Die meisten hätten sich schließlich nur darüber lustig gemacht, dass ich meine Bücher nach Farbe und Größe sortieren musste, dass ich einen Nervenzusammenbruch erlitt, wann immer ich meine Bücher neu einsortiert musste.

Das ich mir meine Hände in einer bestimmten Reihenfolge waschen musste, obwohl ich kein Wasser auf meiner Haut ertragen konnte.
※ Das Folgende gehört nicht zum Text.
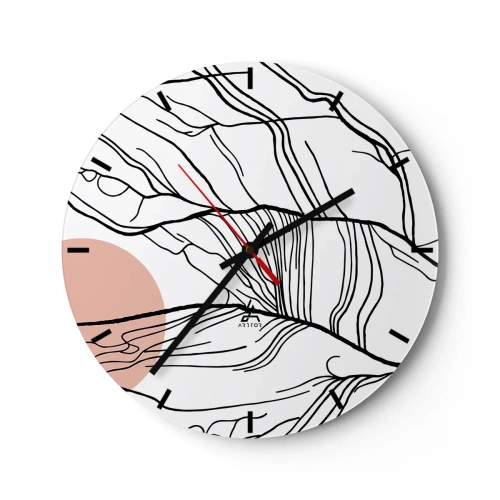 Ceas de perete - Ceas pe sticlă - Linii negre artistice asemănătoare cu crenguțe pe un fundal alb - 30x30cm - Într-o rețea de crengi - Decorațiune modernă pentru perete pentru living, bucătărie și dormitor ARTTOR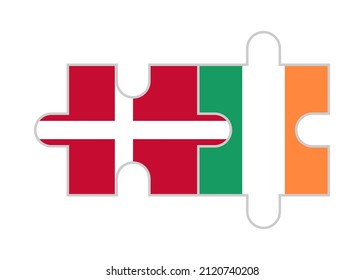 puzzle pieces of denmark and ireland flags. vector illustration isolated on white background
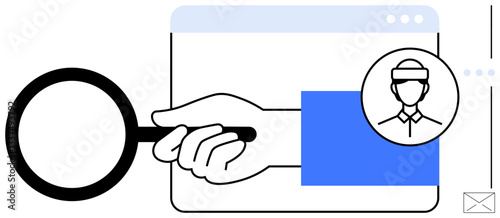 Hand holding magnifying glass examining web browser with user profile icon. Ideal for user research, profile verification, identity check, analytics, recruitment, monitoring, data privacy. Flat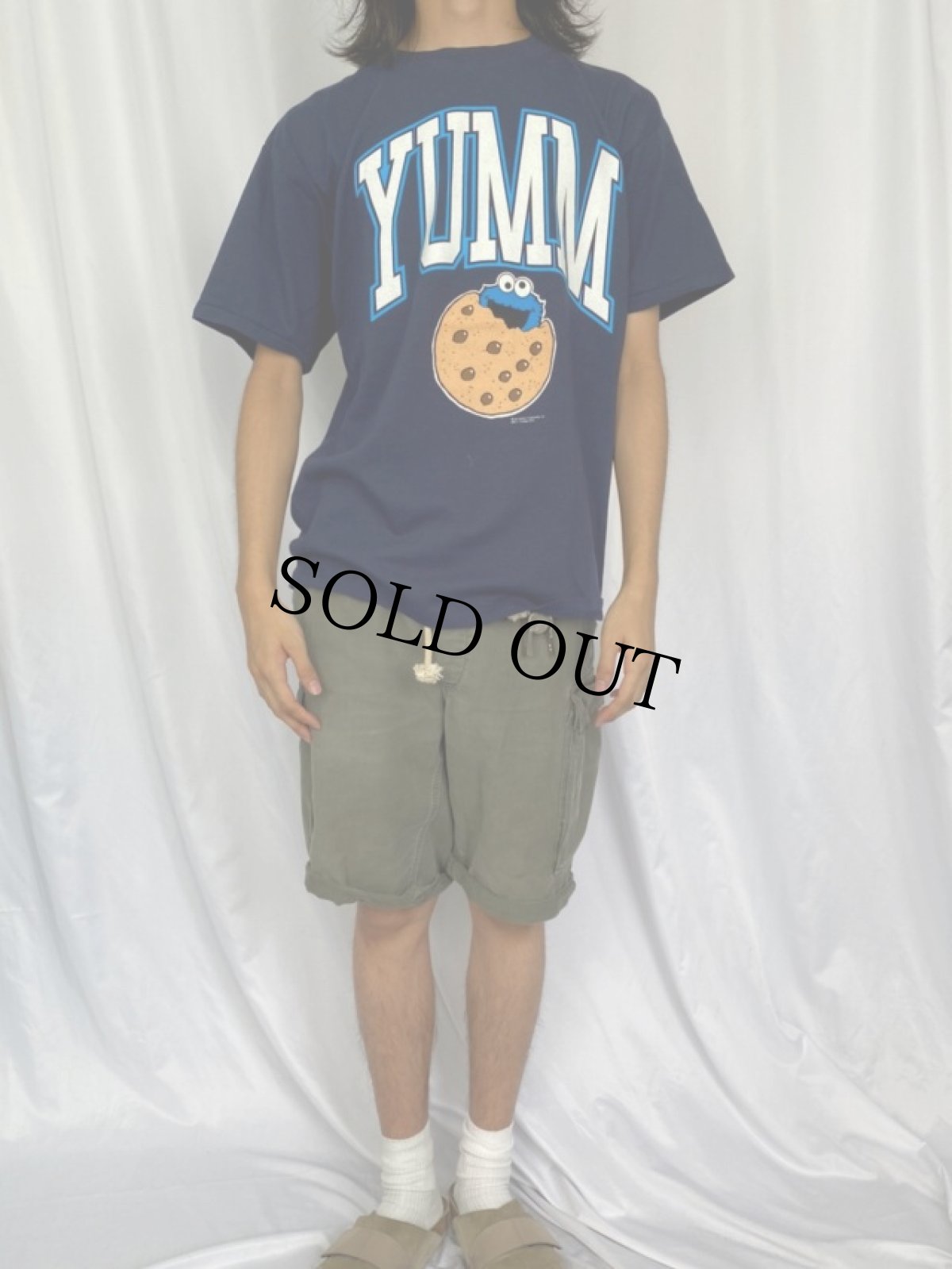 画像2: 90's COOKIE MONSTER USA製 "YUMM" キャラクターTシャツ DEADSTOCK L (2)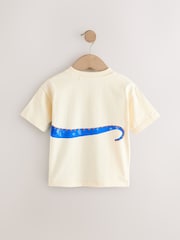 Ecru 100% Cotton Short Sleeve Back Print T-Shirt (3mths-7yrs) - Image 2 of 4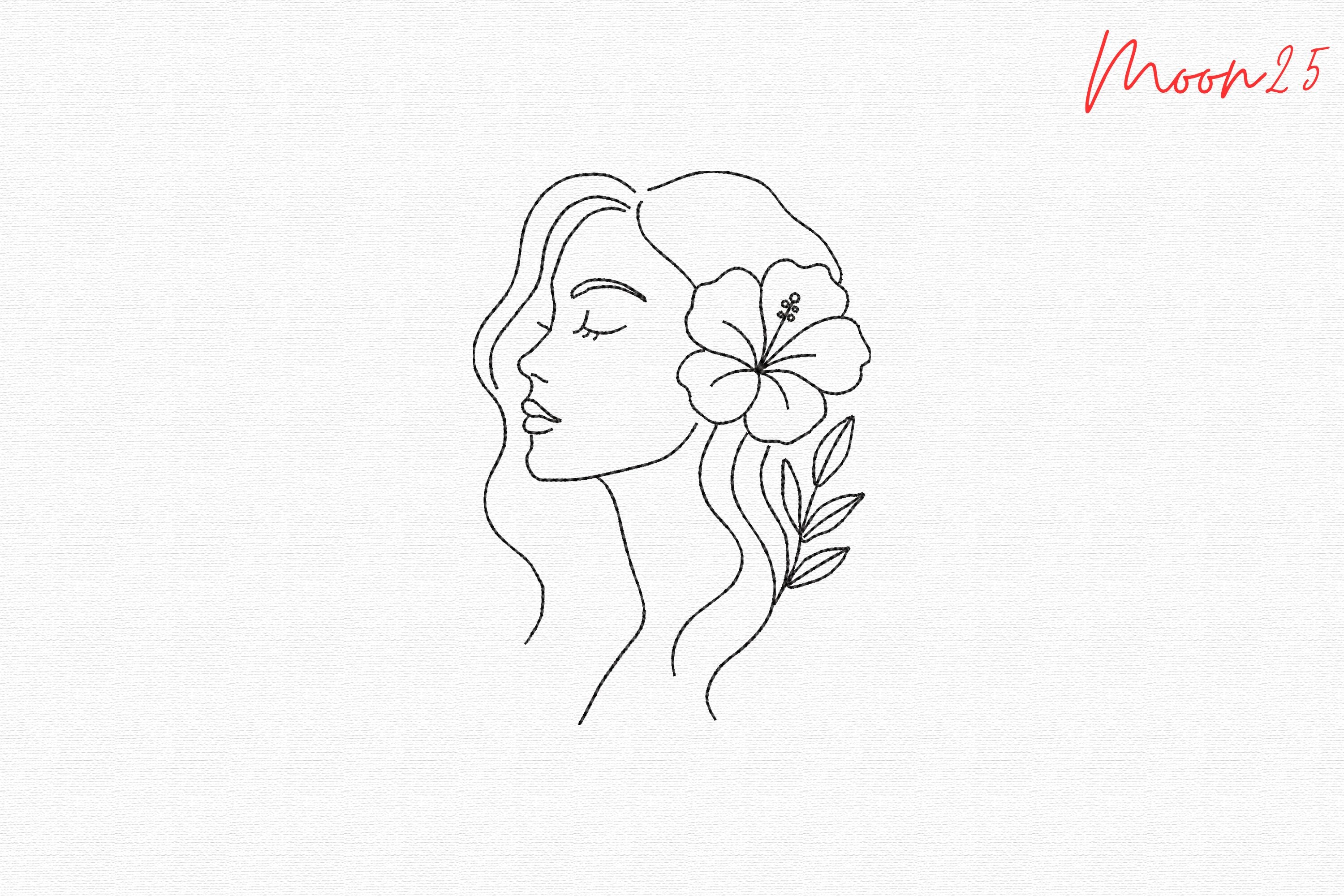 Tropical Bloom Woman Silhouette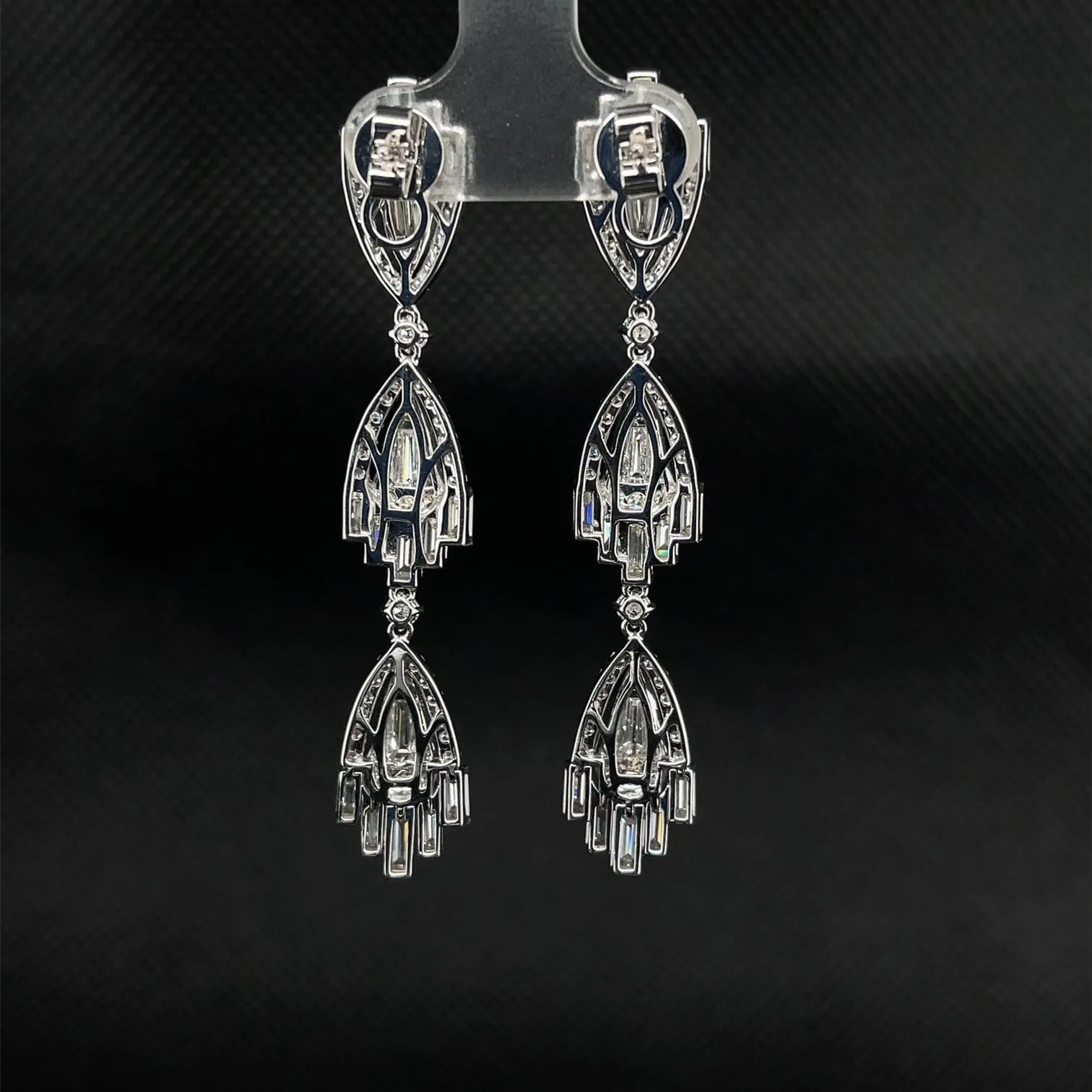 5.58 Carat Total Baguette Diamond Art Deco Inspired Dangle White Gold Earrings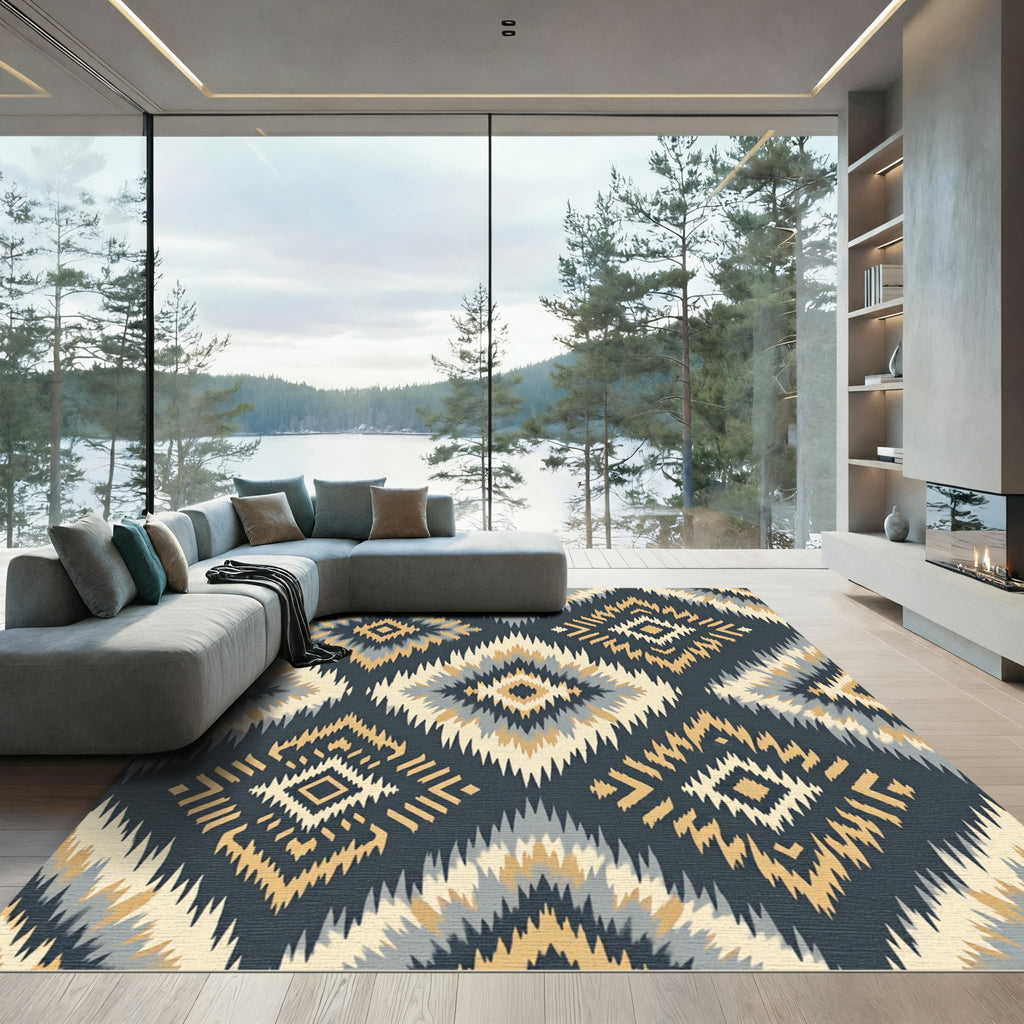 Tribal Diamond Geometric Warm Tones Rug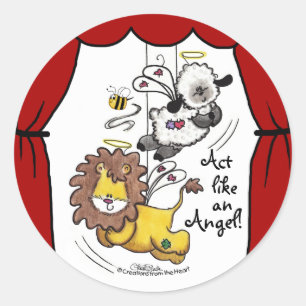 Lion and Lamb-Play Angels Classic Round Sticker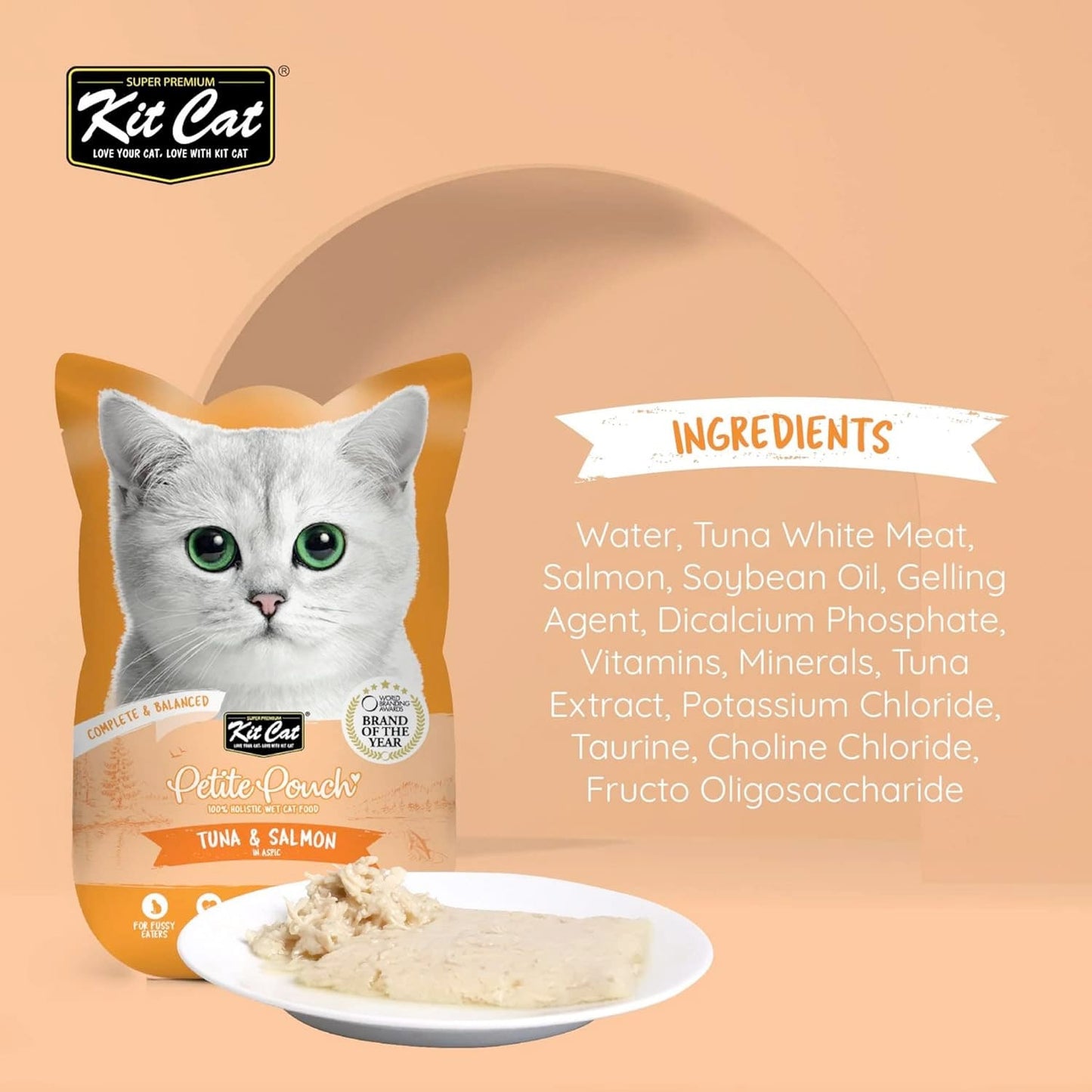 Kit Cat Petite Pouch Wet Food ‚Tuna & Salmon 70g x24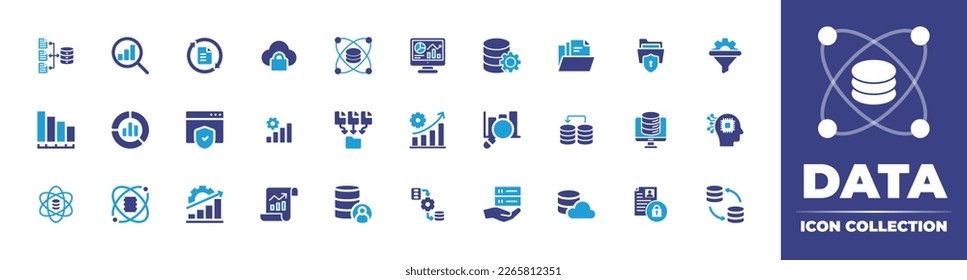 Data icon collection. Duotone color. Vector illustration. Containing science, cloud, data processing, analytics, data integration, bar chart, collection, web security, donut chart, database.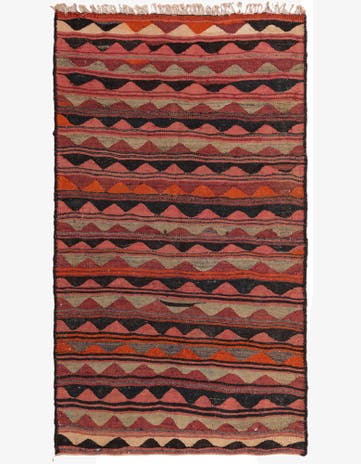 4' 1 x 7' Hand Woven Kilim Fars Wool Rug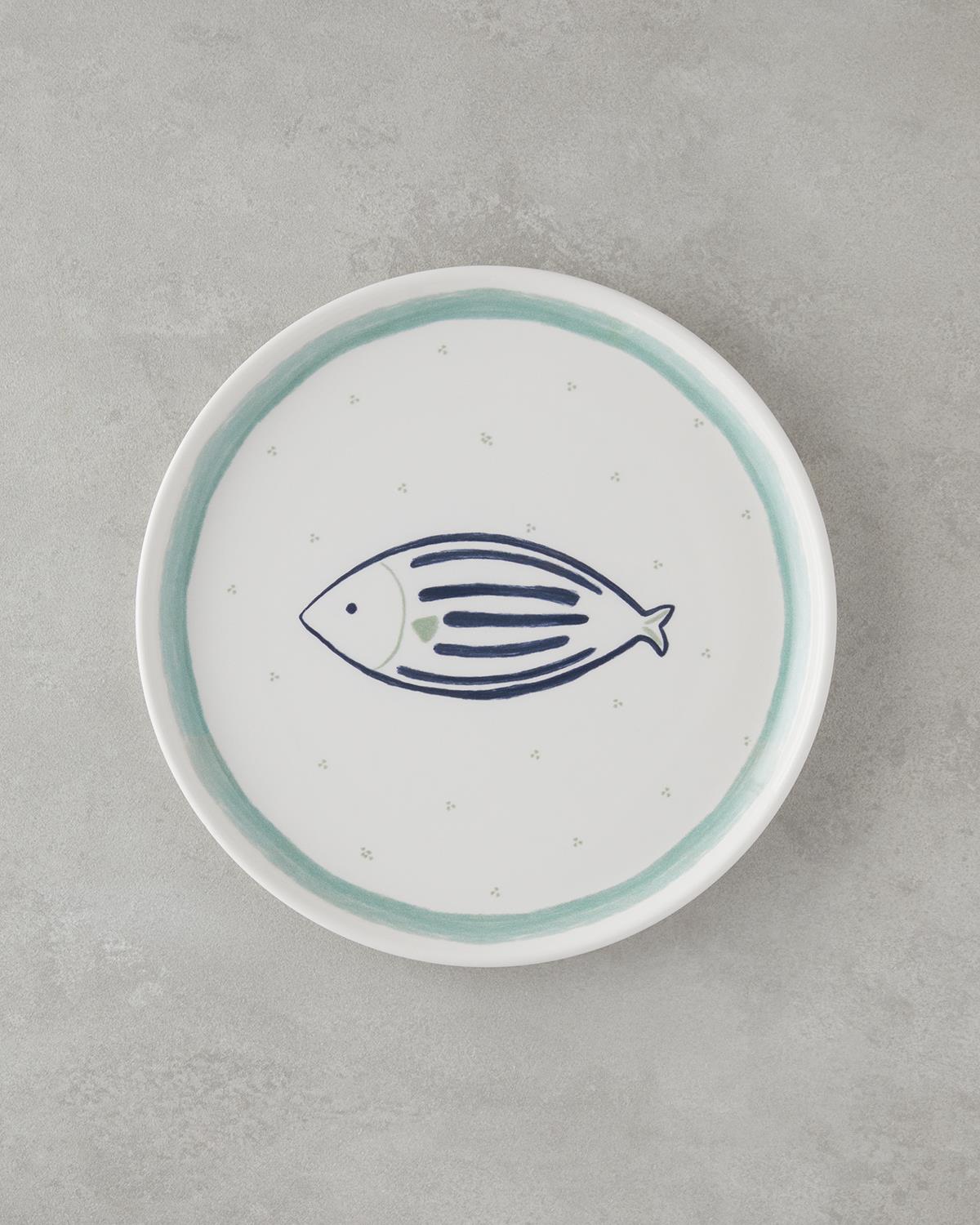 Aqualuna Seramik Servis Tabağı 26 cm Mavi-yeşil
Das ich mir für alltägliche Sachen wie Zähneputzen, Duschen, Essen und Trinken, Wecker und Erinnerung stellen musste, damit ich diese Dinge nicht vergaß. Gleichzeitig lagen meine Nerven aber auch blank, wann immer ich diese Sachen nicht rechtzeitig ausführen konnte. Selbst wenn es nur wenige Minuten waren.

,,Wenn man Autismus hat, dann kann das eben solche Sachen vereinen" Meine Betonung lag dabei auf kann.

Brooklyn senkte ihren Blick, es war eine Geste des Mitleids, aber das wollte ich nicht.

Es war kein ideales Leben, oft lag ich nachts in meinem Bett und betete, dass ich ohne Autismus aufwachen würde.

Aber ändern konnte ich es nicht. Ich wusste, wie ich zu leben hatte, weshalb ich auf ihr Mitleid auch nicht angewiesen war.

,,Brooklyn, Summer?" Hörte ich es von der anderen Seite der Tür kommen. Vorsichtig traten meine Eltern ein.
,,Deine Eltern gehen jetzt" Ließ meine Mutter Brooklyn wissen.

Nickend stand sie von meinen Bett auf. Sie umarmte mich nicht, stattdessen wank sie mir einfach zum Abschied.